■ **Task goal**
Please retype the entries exactly as they stand, leaving out any pictures.

Collected data:
=-=-=-=-=
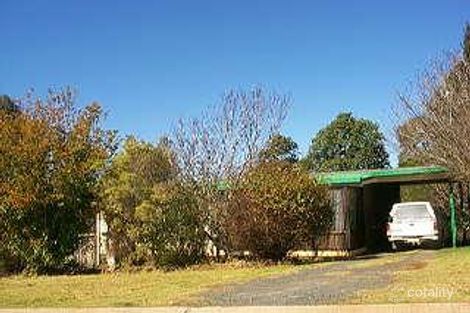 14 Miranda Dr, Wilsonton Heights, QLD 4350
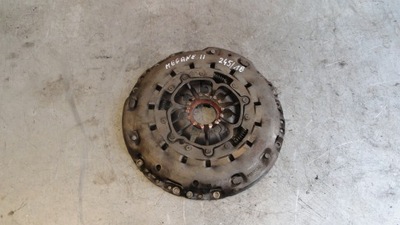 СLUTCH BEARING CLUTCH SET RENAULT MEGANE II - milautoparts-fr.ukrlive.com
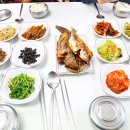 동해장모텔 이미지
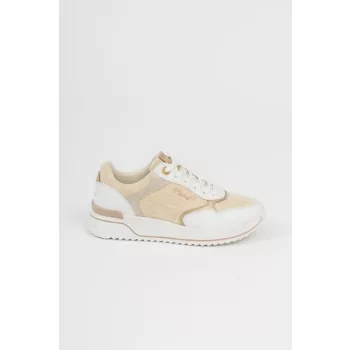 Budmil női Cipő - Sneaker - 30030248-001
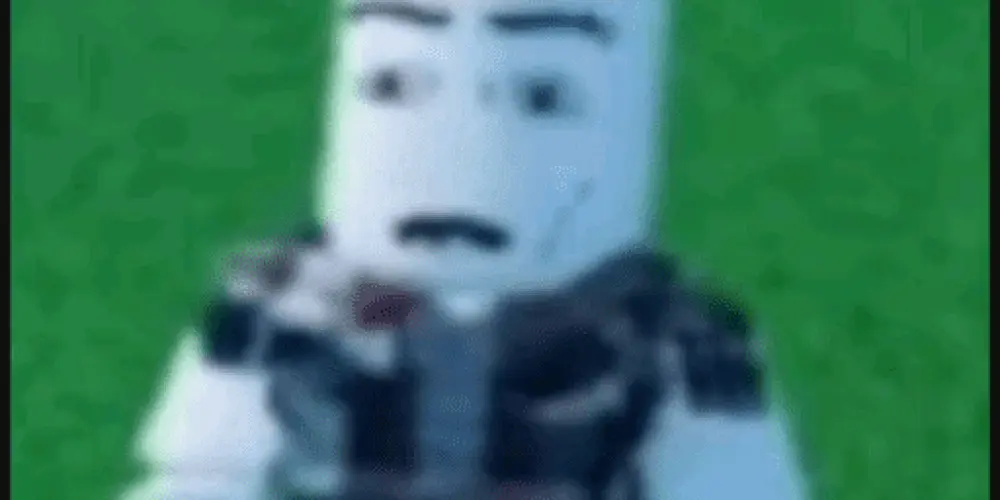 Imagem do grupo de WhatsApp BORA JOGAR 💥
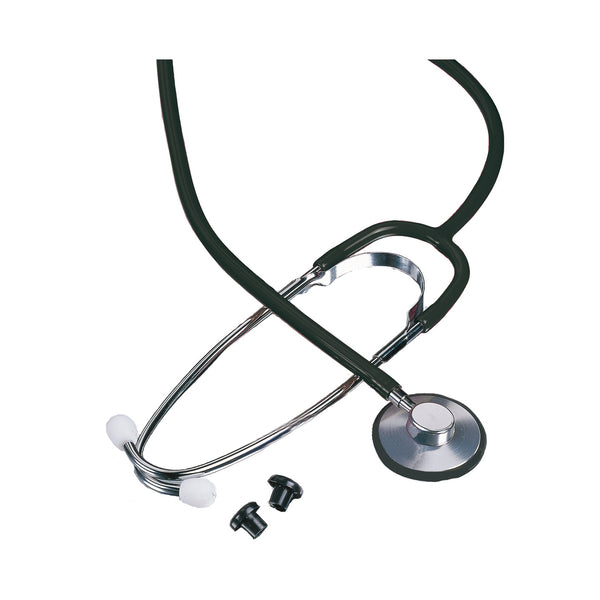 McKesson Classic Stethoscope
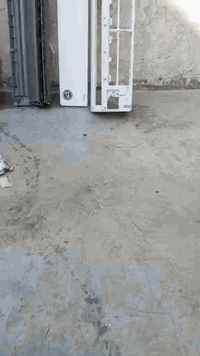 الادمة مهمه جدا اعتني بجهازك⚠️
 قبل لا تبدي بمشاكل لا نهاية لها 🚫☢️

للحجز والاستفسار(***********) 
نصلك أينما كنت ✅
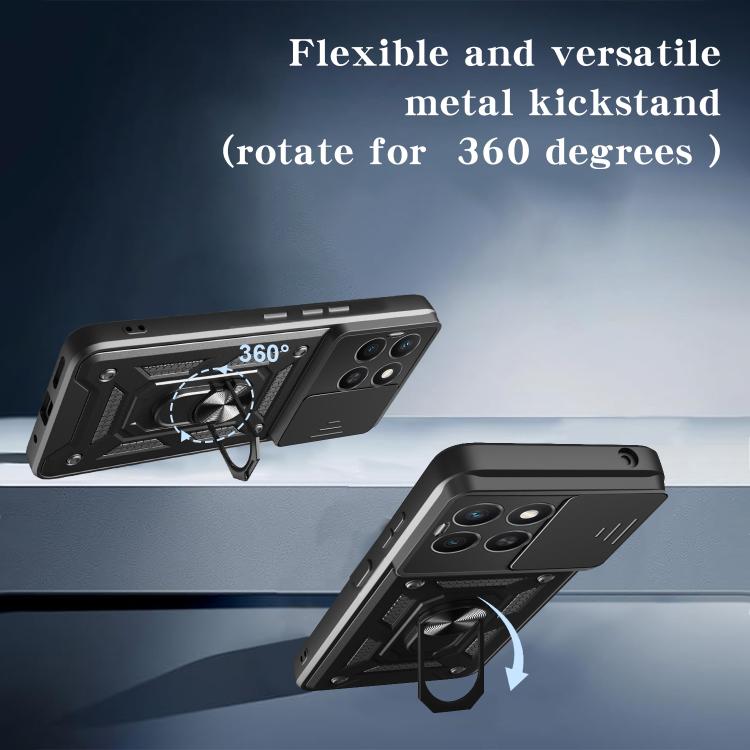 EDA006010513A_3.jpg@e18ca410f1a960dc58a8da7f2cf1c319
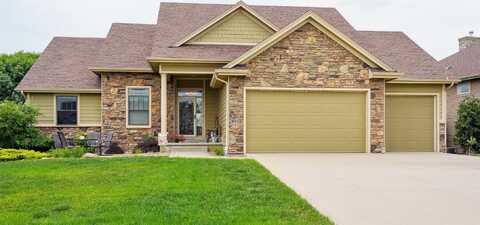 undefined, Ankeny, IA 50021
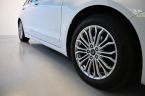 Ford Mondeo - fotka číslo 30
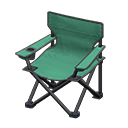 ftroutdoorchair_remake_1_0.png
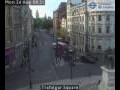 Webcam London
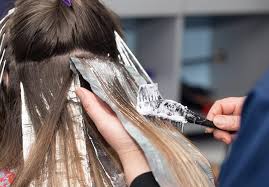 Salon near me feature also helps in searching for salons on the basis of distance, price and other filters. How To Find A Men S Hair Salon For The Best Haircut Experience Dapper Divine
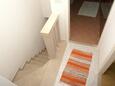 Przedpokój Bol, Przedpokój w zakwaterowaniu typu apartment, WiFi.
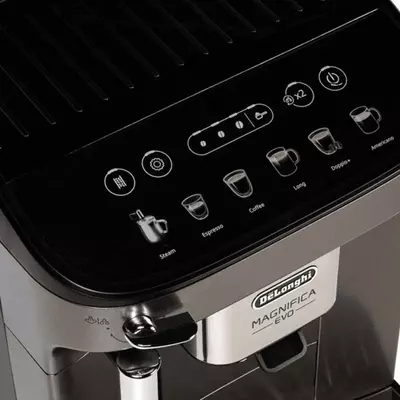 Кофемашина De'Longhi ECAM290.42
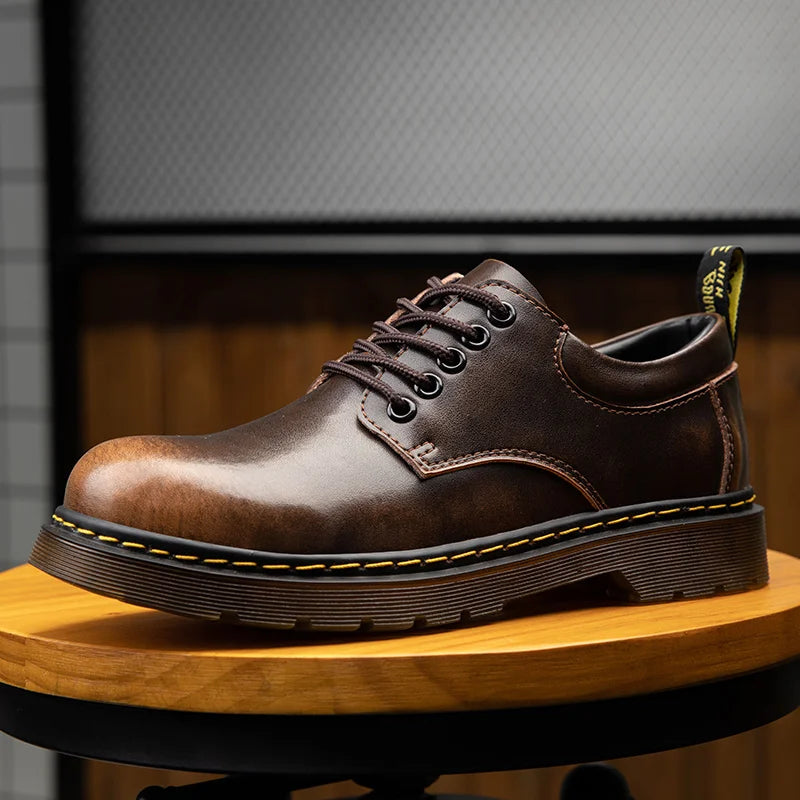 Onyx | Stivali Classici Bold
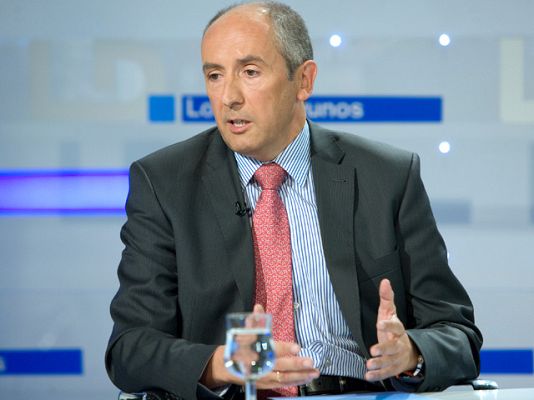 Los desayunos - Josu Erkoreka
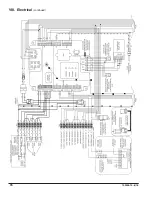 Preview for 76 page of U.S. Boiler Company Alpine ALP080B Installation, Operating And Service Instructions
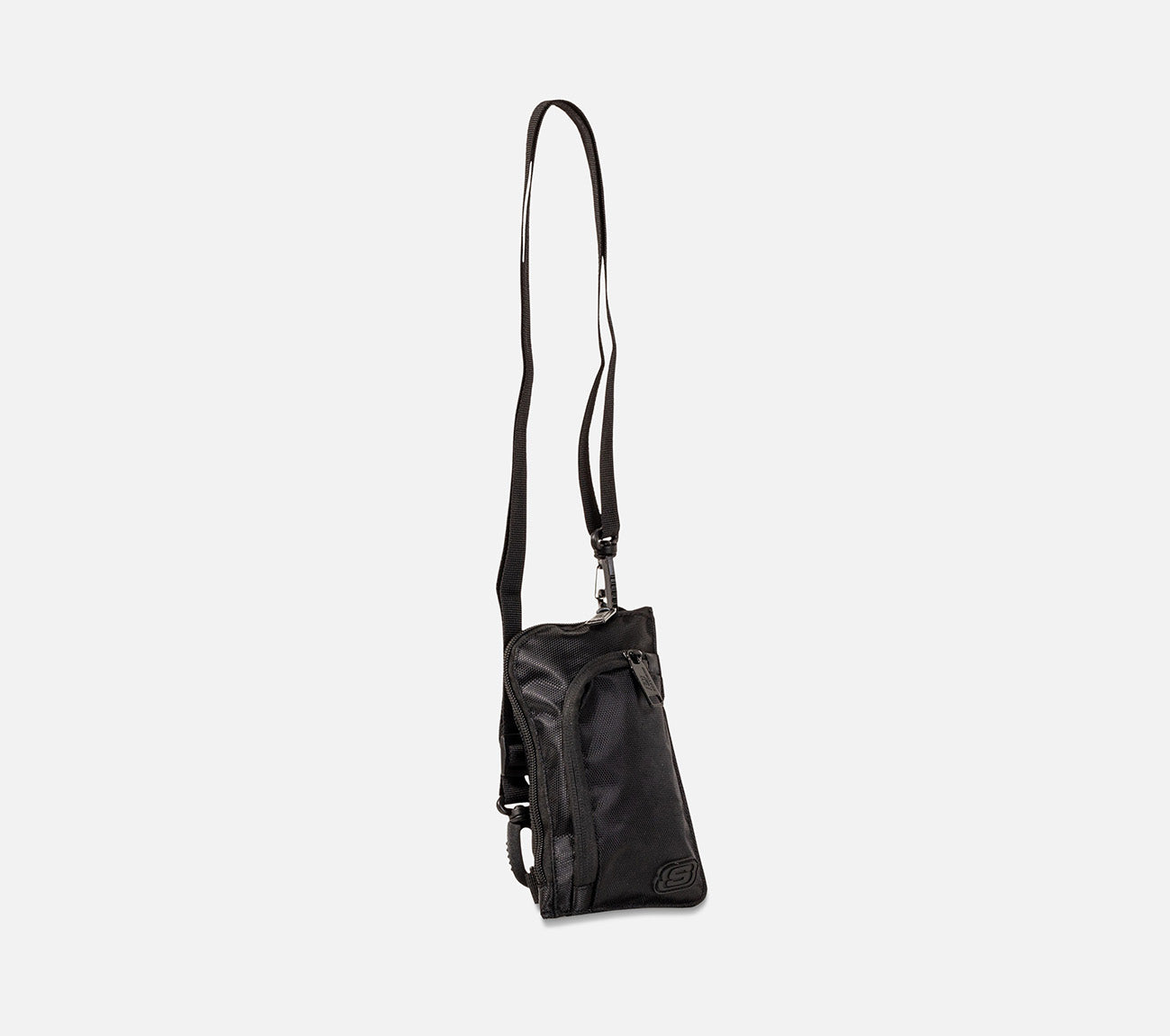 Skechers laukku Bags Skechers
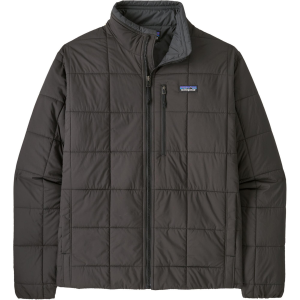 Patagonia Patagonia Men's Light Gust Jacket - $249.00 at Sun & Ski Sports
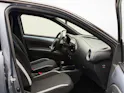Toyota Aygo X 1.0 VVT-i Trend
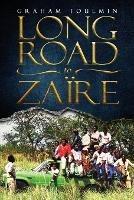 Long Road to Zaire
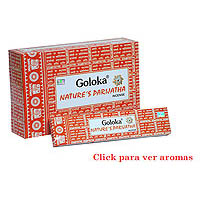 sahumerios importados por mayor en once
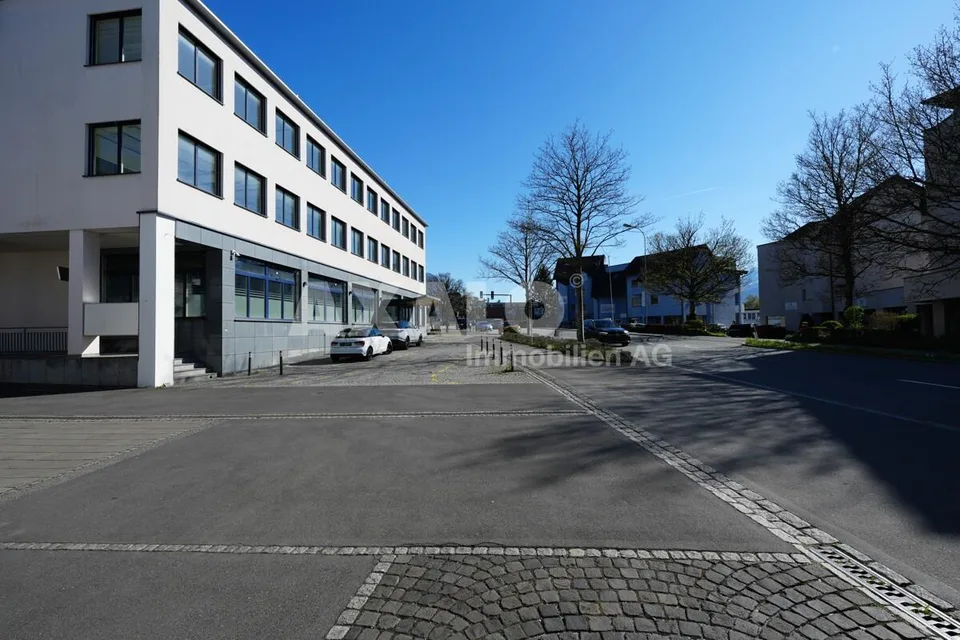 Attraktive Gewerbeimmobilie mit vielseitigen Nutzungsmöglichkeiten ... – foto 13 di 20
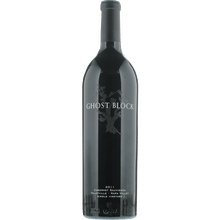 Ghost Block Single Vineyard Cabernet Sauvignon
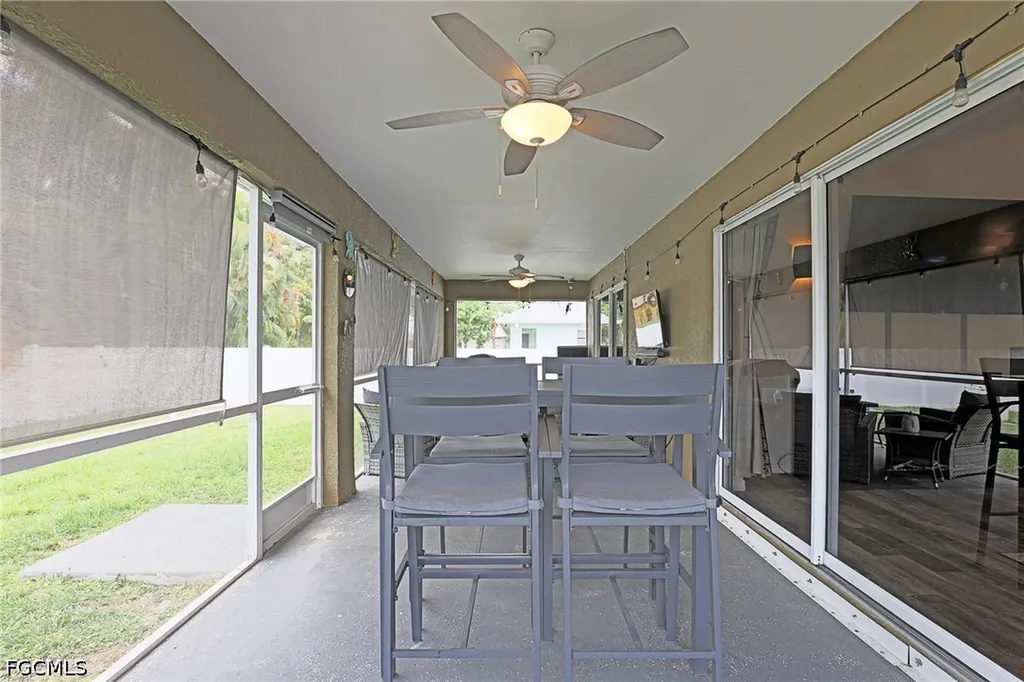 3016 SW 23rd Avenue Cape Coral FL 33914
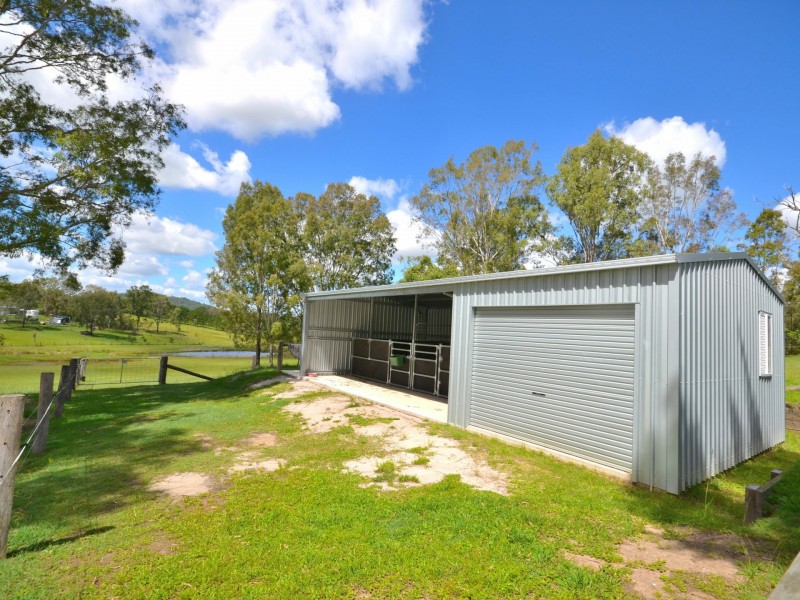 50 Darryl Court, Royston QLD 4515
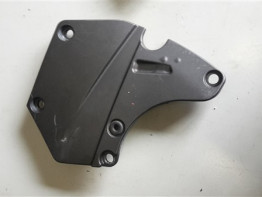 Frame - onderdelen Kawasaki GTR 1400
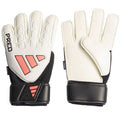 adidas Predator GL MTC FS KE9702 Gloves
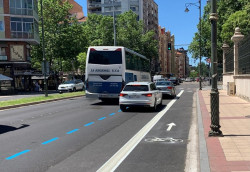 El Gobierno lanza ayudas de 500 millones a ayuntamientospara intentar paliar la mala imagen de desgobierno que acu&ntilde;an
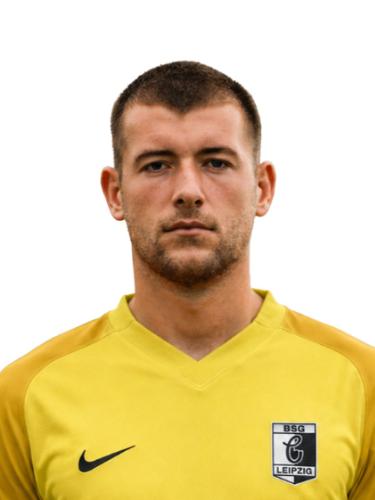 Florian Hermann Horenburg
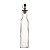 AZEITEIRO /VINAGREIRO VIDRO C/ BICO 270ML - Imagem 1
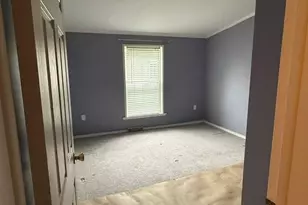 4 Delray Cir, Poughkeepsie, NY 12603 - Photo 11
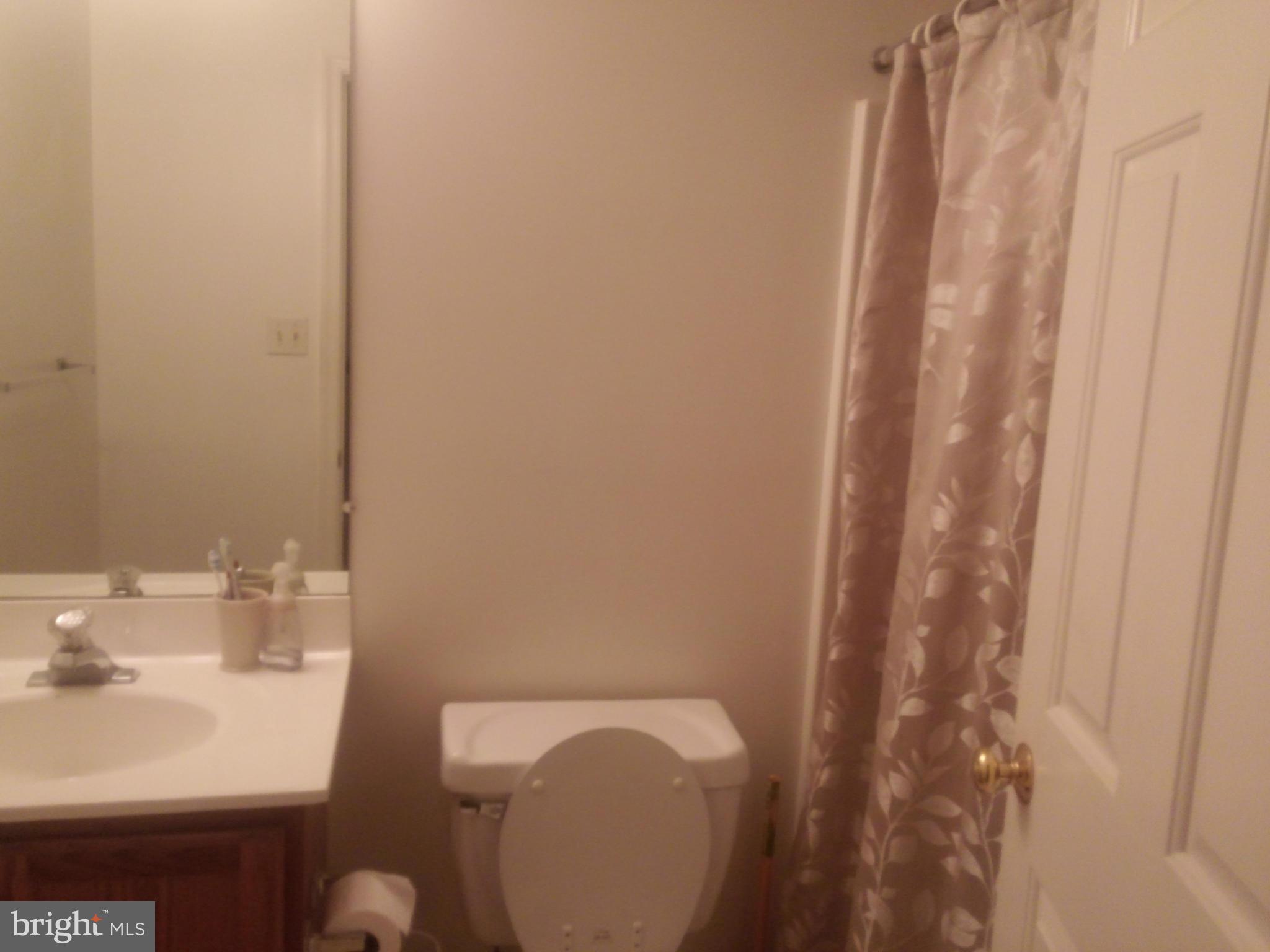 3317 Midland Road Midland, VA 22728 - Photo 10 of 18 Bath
=-=-=-=-=
■ **Result of the exercise**
 14 Miranda Dr, Wilsonton Heights, QLD 4350
 СLUTCH BEARING CLUTCH SET RENAULT MEGANE II - milautoparts-fr.ukrlive.com
 동해장모텔 이미지
 Budmil női Cipő - Sneaker - 30030248-001
 Imagem do grupo de WhatsApp BORA JOGAR 💥
 McKesson Classic Stethoscope
 الادمة مهمه جدا اعتني بجهازك⚠️
 قبل لا تبدي بمشاكل لا نهاية لها 🚫☢️

للحجز والاستفسار(***********) 
نصلك أينما كنت ✅
 EDA006010513A_3.jpg@e18ca410f1a960dc58a8da7f2cf1c319
 undefined, Ankeny, IA 50021
 Ford Mondeo - fotka číslo 30
 ftroutdoorchair_remake_1_0.png
 Webcam London
 Salon near me feature also helps in searching for salons on the basis of distance, price and other filters. How To Find A Men S Hair Salon For The Best Haircut Experience Dapper Divine
 Przedpokój Bol, Przedpokój w zakwaterowaniu typu apartment, WiFi.
 Кофемашина De'Longhi ECAM290.42
 Onyx | Stivali Classici Bold
 Los desayunos - Josu Erkoreka
 Preview for 76 page of U.S. Boiler Company Alpine ALP080B Installation, Operating And Service Instructions
 Skechers laukku Bags Skechers
 Patagonia Patagonia Men's Light Gust Jacket - $249.00 at Sun & Ski Sports
Toyota Aygo X 1.0 VVT-i Trend
 Long Road to Zaire
 sahumerios importados por mayor en once
 Attraktive Gewerbeimmobilie mit vielseitigen Nutzungsmöglichkeiten ... – foto 13 di 20
 Ghost Block Single Vineyard Cabernet Sauvignon
 3016 SW 23rd Avenue Cape Coral FL 33914
 50 Darryl Court, Royston QLD 4515
 Frame - onderdelen Kawasaki GTR 1400
 adidas Predator GL MTC FS KE9702 Gloves
 El Gobierno lanza ayudas de 500 millones a ayuntamientospara intentar paliar la mala imagen de desgobierno que acu&ntilde;an
 Florian Hermann Horenburg
 AZEITEIRO /VINAGREIRO VIDRO C/ BICO 270ML - Imagem 1
 4 Delray Cir, Poughkeepsie, NY 12603 - Photo 11
 3317 Midland Road Midland, VA 22728 - Photo 10 of 18 Bath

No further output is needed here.